ENTRIES SUPPLIED →

════════════════════

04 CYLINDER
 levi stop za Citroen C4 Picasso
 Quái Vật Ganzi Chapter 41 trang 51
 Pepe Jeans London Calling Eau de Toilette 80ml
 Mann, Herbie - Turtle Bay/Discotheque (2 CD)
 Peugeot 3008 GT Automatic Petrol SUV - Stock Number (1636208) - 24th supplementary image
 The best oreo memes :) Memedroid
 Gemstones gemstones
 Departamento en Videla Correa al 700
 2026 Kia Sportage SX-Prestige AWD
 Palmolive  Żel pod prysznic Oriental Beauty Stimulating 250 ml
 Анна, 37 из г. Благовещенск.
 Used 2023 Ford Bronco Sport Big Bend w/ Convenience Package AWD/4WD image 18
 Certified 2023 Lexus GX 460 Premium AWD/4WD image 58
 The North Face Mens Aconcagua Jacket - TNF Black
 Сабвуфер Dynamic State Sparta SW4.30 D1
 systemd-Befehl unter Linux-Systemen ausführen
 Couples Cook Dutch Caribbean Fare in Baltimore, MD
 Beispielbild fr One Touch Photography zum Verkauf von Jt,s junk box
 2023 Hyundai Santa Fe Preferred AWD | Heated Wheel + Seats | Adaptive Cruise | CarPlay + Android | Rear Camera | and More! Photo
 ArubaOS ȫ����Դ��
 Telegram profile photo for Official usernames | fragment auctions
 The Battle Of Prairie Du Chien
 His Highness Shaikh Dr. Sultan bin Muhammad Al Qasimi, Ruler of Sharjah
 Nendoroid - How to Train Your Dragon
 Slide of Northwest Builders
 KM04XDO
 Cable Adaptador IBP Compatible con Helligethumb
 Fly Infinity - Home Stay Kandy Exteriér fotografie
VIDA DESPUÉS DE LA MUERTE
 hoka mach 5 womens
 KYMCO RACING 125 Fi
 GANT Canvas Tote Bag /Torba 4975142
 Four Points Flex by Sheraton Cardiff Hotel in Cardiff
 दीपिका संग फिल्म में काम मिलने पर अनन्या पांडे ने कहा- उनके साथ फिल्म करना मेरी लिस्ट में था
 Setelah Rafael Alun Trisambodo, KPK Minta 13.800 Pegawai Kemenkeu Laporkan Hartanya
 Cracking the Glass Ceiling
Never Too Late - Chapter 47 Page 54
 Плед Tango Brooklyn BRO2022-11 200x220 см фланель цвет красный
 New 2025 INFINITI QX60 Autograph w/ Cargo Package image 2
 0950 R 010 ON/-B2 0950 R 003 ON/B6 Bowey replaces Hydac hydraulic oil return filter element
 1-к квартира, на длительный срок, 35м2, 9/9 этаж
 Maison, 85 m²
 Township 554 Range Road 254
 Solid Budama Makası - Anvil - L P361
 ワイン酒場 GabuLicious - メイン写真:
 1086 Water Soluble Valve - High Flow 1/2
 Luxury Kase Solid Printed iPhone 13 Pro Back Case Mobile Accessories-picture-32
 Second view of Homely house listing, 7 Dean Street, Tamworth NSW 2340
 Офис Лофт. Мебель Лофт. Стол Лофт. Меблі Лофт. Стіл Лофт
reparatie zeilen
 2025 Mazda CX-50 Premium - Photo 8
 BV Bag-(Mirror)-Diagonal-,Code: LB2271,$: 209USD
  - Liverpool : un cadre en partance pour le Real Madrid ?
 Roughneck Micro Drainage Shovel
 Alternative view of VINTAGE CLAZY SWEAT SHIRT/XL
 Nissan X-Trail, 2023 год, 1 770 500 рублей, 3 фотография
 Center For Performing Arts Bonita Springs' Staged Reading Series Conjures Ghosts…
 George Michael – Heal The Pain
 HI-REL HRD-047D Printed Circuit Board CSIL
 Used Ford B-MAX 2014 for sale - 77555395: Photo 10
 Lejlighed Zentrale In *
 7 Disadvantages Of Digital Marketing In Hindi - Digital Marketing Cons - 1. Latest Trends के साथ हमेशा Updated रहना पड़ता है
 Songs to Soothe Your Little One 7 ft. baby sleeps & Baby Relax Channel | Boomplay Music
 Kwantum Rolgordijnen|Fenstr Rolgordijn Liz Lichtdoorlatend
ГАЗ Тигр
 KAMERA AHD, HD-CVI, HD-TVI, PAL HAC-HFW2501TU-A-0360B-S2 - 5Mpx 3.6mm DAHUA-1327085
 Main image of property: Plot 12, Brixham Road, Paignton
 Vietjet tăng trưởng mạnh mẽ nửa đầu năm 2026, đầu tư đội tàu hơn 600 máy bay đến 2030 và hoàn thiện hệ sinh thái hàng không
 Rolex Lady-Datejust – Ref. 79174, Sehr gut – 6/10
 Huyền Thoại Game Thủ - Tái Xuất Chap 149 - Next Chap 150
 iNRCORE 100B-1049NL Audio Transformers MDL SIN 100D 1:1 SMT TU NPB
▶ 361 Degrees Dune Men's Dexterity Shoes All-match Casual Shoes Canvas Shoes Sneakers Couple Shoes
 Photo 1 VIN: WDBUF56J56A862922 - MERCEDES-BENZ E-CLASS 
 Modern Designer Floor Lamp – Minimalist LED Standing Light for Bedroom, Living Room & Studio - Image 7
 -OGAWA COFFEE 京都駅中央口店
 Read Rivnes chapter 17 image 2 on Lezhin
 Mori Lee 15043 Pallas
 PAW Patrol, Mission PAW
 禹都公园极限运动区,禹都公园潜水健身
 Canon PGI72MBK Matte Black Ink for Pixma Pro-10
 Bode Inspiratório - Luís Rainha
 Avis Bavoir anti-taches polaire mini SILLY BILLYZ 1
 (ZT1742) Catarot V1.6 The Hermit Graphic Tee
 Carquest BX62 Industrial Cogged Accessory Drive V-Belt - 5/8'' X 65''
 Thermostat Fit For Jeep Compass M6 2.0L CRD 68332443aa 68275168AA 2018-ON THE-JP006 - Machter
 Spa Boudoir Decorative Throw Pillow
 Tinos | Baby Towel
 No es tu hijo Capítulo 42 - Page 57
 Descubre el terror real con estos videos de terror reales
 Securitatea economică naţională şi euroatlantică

════════════════════

WORK INSTRUCTION → Exact copies of the lines from the one with "Descubre el terror" through the final line of the listing should be returned, and no other lines.

SOLUTION FOR THIS EXERCISE →
 Descubre el terror real con estos videos de terror reales
 Securitatea economică naţională şi euroatlantică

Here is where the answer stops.